• **Task goal**: Scan the data below for the string "Blue". Copy every line where it appears.

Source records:

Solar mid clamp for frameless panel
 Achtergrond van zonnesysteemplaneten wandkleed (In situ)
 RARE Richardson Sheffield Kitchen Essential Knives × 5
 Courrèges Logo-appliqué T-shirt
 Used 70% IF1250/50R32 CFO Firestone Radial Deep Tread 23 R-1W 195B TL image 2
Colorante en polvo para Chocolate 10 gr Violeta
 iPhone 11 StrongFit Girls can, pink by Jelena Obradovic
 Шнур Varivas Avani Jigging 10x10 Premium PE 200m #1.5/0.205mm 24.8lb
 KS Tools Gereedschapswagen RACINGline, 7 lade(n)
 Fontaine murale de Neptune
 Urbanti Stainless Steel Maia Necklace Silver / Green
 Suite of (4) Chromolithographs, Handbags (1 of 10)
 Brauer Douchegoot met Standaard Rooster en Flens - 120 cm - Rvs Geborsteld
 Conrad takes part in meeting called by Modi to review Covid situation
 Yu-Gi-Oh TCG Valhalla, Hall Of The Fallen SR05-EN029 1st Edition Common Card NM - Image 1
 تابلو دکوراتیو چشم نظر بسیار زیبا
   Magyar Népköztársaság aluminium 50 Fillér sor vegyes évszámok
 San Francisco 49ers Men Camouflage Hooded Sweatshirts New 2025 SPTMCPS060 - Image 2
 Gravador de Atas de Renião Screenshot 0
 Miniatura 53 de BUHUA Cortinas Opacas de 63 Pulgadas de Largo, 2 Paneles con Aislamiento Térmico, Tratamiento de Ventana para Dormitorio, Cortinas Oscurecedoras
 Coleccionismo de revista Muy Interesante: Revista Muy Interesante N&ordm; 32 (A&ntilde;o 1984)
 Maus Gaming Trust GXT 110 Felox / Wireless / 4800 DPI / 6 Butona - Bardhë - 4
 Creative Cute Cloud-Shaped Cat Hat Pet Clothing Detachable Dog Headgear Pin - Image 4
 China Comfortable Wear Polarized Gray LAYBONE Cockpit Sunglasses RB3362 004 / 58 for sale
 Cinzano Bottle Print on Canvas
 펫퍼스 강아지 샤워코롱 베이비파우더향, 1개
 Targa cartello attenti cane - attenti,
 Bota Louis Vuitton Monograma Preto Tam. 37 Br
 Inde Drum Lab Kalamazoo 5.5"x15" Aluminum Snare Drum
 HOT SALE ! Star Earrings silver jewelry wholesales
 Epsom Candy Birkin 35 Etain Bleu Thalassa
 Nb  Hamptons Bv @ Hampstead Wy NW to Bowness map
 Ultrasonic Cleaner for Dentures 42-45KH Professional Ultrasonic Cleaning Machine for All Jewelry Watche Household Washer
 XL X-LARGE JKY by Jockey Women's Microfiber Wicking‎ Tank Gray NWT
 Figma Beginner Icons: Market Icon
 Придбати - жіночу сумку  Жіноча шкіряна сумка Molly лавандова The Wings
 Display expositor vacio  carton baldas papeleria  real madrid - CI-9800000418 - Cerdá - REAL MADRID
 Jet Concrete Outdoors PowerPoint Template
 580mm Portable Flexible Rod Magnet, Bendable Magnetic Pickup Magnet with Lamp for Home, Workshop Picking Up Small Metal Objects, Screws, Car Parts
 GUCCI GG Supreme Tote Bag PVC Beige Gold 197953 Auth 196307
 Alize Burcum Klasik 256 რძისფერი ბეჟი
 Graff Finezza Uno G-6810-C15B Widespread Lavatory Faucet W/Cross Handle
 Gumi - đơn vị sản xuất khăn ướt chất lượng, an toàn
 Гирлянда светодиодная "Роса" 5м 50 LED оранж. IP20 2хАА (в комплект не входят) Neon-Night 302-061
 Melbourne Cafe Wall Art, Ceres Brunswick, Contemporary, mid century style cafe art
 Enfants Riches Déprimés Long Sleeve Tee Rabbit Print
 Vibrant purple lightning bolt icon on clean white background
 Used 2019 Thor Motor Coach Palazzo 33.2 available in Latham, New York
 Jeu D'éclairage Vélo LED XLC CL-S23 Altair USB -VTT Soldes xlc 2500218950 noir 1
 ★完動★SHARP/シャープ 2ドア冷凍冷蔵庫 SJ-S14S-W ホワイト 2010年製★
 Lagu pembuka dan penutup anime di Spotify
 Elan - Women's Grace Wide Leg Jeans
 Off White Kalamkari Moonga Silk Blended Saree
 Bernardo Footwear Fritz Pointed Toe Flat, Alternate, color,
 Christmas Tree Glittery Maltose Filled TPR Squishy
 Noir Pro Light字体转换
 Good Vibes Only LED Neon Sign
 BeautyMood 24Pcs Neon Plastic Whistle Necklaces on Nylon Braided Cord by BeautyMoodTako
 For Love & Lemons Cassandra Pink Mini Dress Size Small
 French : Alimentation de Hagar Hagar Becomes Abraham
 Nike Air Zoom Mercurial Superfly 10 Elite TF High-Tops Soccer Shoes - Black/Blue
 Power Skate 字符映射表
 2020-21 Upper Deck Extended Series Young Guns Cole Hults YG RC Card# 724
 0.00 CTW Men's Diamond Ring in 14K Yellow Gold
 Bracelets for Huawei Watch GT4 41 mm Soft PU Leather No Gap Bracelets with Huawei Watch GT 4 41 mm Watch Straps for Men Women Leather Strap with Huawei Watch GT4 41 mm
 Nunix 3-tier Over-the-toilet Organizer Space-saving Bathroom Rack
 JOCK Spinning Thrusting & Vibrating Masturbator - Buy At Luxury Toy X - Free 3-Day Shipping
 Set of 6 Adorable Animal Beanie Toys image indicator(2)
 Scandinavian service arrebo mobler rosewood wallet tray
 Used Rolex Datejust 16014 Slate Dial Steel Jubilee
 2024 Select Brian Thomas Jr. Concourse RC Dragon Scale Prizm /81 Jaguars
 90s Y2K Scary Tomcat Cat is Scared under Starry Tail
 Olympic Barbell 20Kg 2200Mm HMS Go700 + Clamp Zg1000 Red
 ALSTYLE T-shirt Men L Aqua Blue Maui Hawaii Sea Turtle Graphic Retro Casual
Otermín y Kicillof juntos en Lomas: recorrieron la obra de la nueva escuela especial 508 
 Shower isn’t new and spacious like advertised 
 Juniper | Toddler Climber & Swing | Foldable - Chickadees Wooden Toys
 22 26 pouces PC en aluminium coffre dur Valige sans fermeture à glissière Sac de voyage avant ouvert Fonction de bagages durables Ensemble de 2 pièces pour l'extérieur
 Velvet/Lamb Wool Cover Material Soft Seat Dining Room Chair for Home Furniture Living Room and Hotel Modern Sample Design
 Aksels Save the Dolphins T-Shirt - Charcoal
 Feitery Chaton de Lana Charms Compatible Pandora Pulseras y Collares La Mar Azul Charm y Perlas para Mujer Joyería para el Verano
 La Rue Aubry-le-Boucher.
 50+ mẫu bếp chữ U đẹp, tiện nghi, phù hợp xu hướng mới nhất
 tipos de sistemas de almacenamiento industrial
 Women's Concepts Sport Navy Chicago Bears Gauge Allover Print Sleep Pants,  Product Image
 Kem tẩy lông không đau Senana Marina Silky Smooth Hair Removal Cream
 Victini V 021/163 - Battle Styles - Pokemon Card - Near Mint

• **Response box**:
 Nike Air Zoom Mercurial Superfly 10 Elite TF High-Tops Soccer Shoes - Black/Blue
 ALSTYLE T-shirt Men L Aqua Blue Maui Hawaii Sea Turtle Graphic Retro Casual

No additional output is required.